== Segment start ==
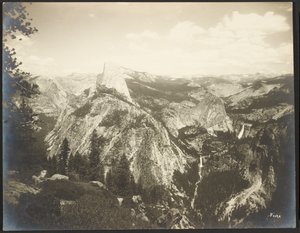 Back of Half Dome - Vernal and Nevada Falls From Near Glacier Point - Yosemite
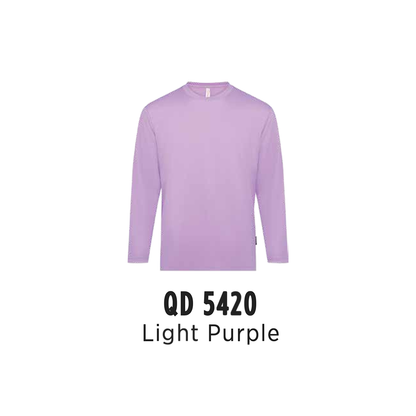 Custom T-Shirt Long Sleeve - Unisex Microfibre Eyelet | Plain | Light Purple | QD5420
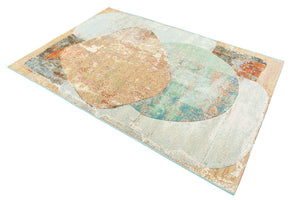 Multicolor 4' 1 x 6' 1 Outdoor Modern Rectangle Area Rug Weather Resistant for Patio, Deck, Terrace, Balcony, Porch 100% Polypropylene Modern Outside Carpet for Sale at Rug Engine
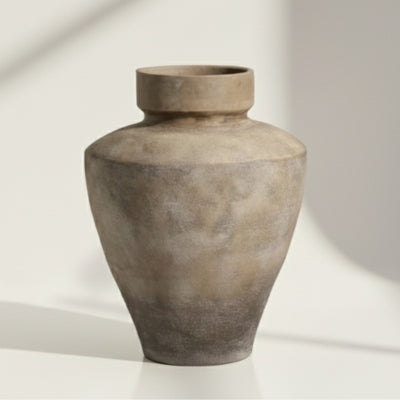 Stone-Grey Matte Sculptural Ceramic Vase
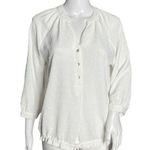 Como vintage Shirt Women Small White Swiss Dot Popover Casual Neutral Minimalist Photo 0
== Segment end ==
With the images excluded, all entries are to be given again exactly.

 Back of Half Dome - Vernal and Nevada Falls From Near Glacier Point - Yosemite
 Custom T-Shirt Long Sleeve - Unisex Microfibre Eyelet | Plain | Light Purple | QD5420
 Multicolor 4' 1 x 6' 1 Outdoor Modern Rectangle Area Rug Weather Resistant for Patio, Deck, Terrace, Balcony, Porch 100% Polypropylene Modern Outside Carpet for Sale at Rug Engine
 Stone-Grey Matte Sculptural Ceramic Vase
 Como vintage Shirt Women Small White Swiss Dot Popover Casual Neutral Minimalist Photo 0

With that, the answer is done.